In contrast to the Samaritan, we have the priest and the Levite, men who are leaders within the Jewish faith. They avoid what they perceive to be a potentially polluting situation because of their adherence to the rules – the ritual impurity of interacting with a potentially dead body. Or maybe they’re afraid – the road described between Jerusalem and Jericho is a steep hill with twists and turns – making it ideal for robbers to hide. What if the priest and the Levite were being set up to fall into the same trap when they helped the man in the ditch? They were not willing to take that chance, for whatever reason, whether out of adherence to the rules or fear of the same thing happening to them.

The Samaritan does not allow himself to be constricted by rules or fear. He does not think of what social convention dictates about he should interact with this person – he only sees someone in need.

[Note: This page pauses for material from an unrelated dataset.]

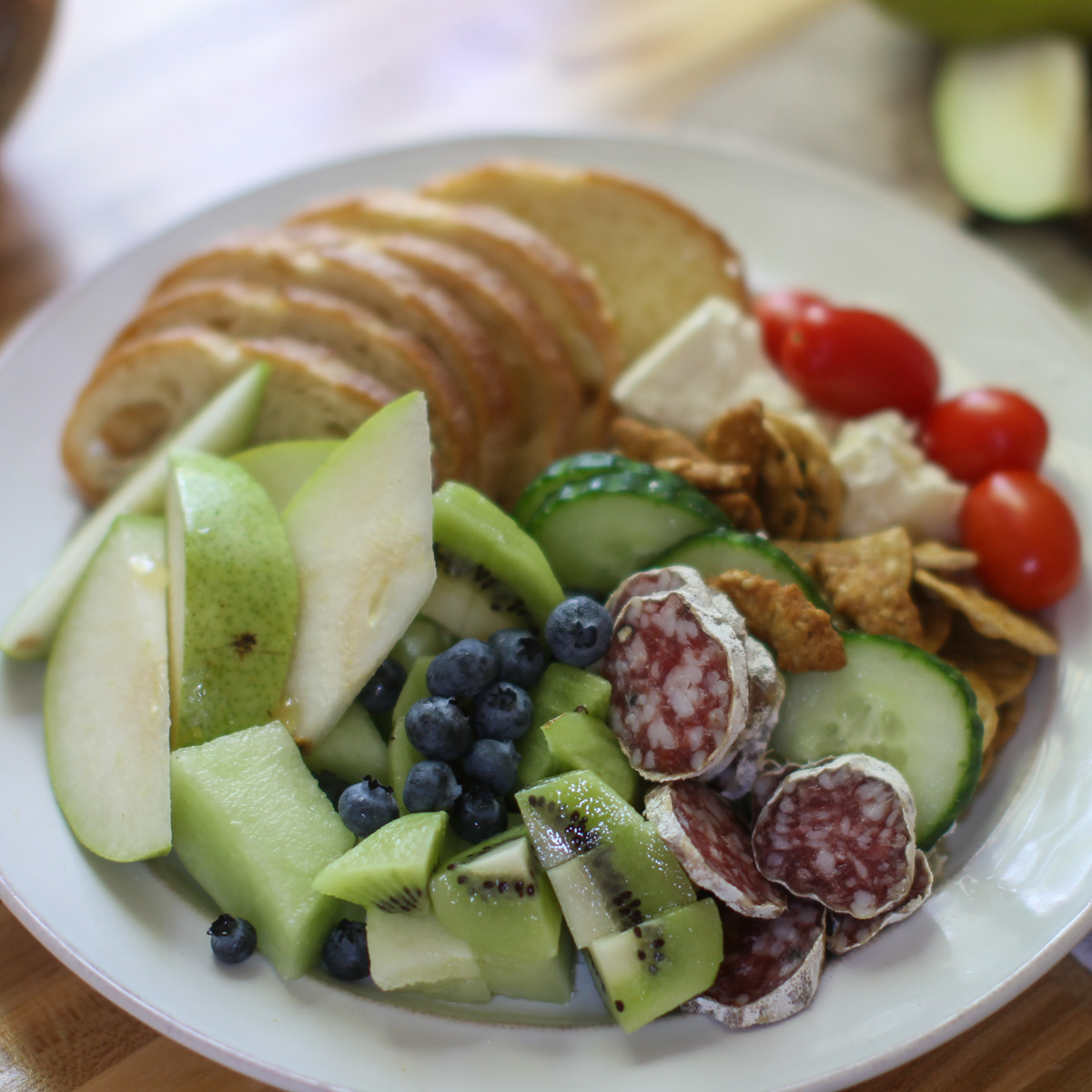 A healthy charcuterie lunch with fruits and veggies, salami and sliced baguette.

The Samaritan sees another person, a neighbor, someone close in proximity to him, who needs help. He is the one who has compassion, the one who shows mercy. He acts in love. He is able to put himself in the place of the person who is hurting and recognize that what is most important is his safety. He is the neighbor to the man in the ditch.    

The Lawyer recognizes that compassion is the right action – he knows that it is better to care for someone who is hurting than to avoid their pain. He tells Jesus when Jesus asks who the neighbor is “The one who showed him mercy.” The Lawyer must learn from this outsider – the one whom he would have otherwise rejected – what the love of God and neighbor truly looks like. The Samaritan’s compassion reveals something far beyond what it means to be a neighbor to someone, it reveals the humanness of those that we stereotype into the other.

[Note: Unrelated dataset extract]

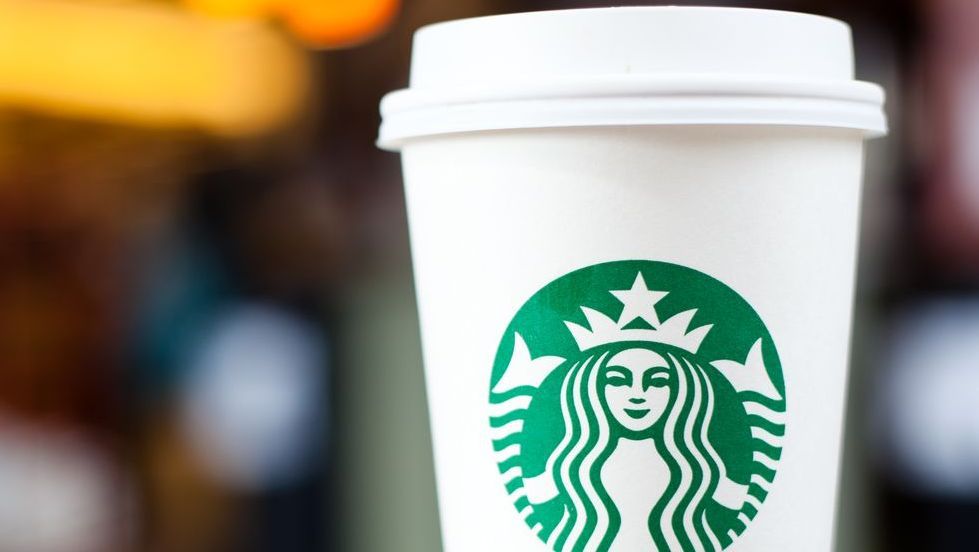 Grande Starbucks to go cup on table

But the Samaritan isn’t just a rescuer. He doesn’t just take the beaten man out of immediate danger – he makes sure that the man’s wounds are cleaned and bandaged, that he has safe lodging, and that he is cared for by the innkeeper. He will come back to check in on the man’s safety and wellbeing later in the week. The Samaritan puts himself in a position of healing, of on-going care, along with the innkeeper. He doesn’t just assume that the man in the ditch will be able to find help from others, he connects him with support and comfort. He develops a relationship with him.  It’s the difference between putting a band-aid on a deep cut and expecting it to heal, and carefully cleaning it out, getting medical assistance, and ensuring its continued care.

So where do you see yourself in this story? Are you the man in the ditch? The robbers? The priest or the Levite? The Samaritan? The innkeeper? The Lawyer?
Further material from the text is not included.